We were waiting for the Trophy rally to come through when we realised there wasn't enough road-closed time left. A radio message came across that they had been re-routed due to the volume of cars off in the stage prior to our location. We waited for the roads-open car to pass us and slotted in behind them to make a quick sweep of the stage. We then made our way back to Douglas to return the radio and other equipment and found out that Mark Higgins had won which was good news - it must have been Emu's touch that did it as Mark won the Jim Clark rally as well which was Emu's first proper outing and he attacked many competitors there, including Mark - there could be something in that!

With a ferry to catch there was no time to hang around unfortunately so we made our way to the port, via an Italian. We slept most of the way home before eventually docking at midnight. The success of a rally for us is judged on how many emergencies we have to attend so, with no emergencies in the two days, it was a pretty successful event!

Sunday 12 July

No rest for the wicked! Despite the late return from the Isle of Man there was no rest for EMMU on Sunday as the unit was covering the Greystoke Stages rally in Cumbria.
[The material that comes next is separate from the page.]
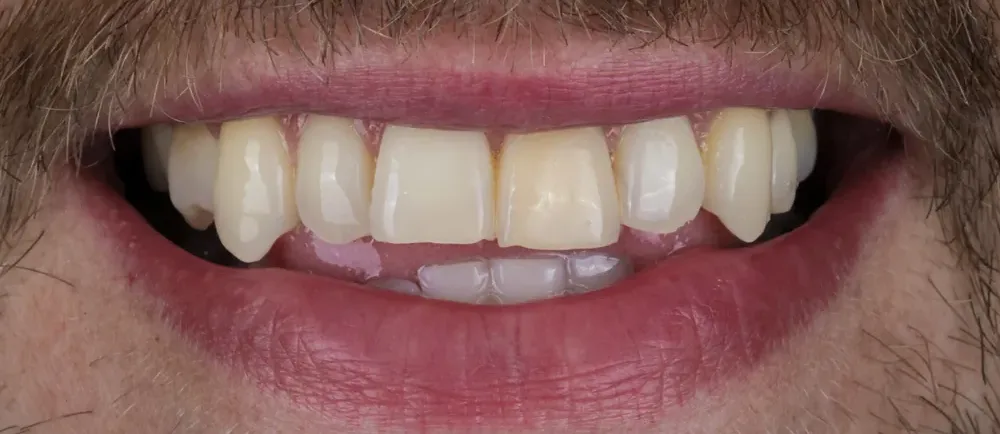 Before: uneven, worn teeth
As I was competing on the event myself I had a break from rescuing. The event was another good one from a rescue point of view with no major incidents, although a broken gearbox meant that the event was not so good from my own point of view!

So, after a very busy but very rewarding four days I returned to Carlisle.

For anyone interested in joining a rescue unit there is a training weekend in January at the Royal Lancaster Infirmary in Lancaster, most British rescue units are in attendance and you can identify units close to you.

There is a theory day with speakers from the motorsport industry along with medical workstations in the afternoon to teach basic medical skills. The second day of the weekend involves practical demonstrations with participants given the opportunity to handle the hydraulic tools and take part in learning scenarios.